Exercise data:
════════════════════
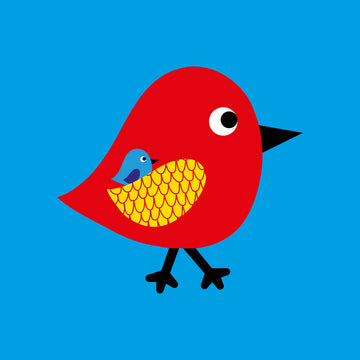 Father and baby bird card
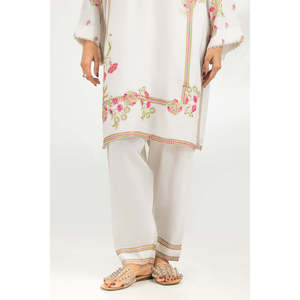 <b>Modest</b> Style Viscose Rawsilk Embroidered Shirt and Trouser <b>Set</b> Handmade Floral Print Natural Waistline IPST-44858 - Product Image 1
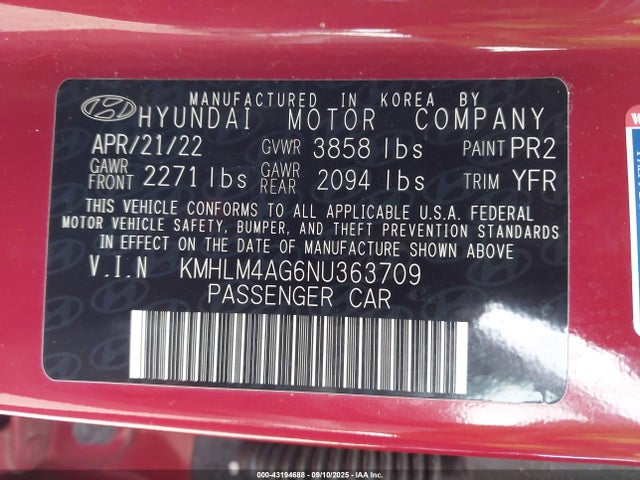 KMHLM4AG6NU363709 Hyundai mpi nu pe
════════════════════
Work instruction:
Word for word and without any pictures, return all of the lines above.

Result of the exercise:
 Father and baby bird card
 <b>Modest</b> Style Viscose Rawsilk Embroidered Shirt and Trouser <b>Set</b> Handmade Floral Print Natural Waistline IPST-44858 - Product Image 1
 KMHLM4AG6NU363709 Hyundai mpi nu pe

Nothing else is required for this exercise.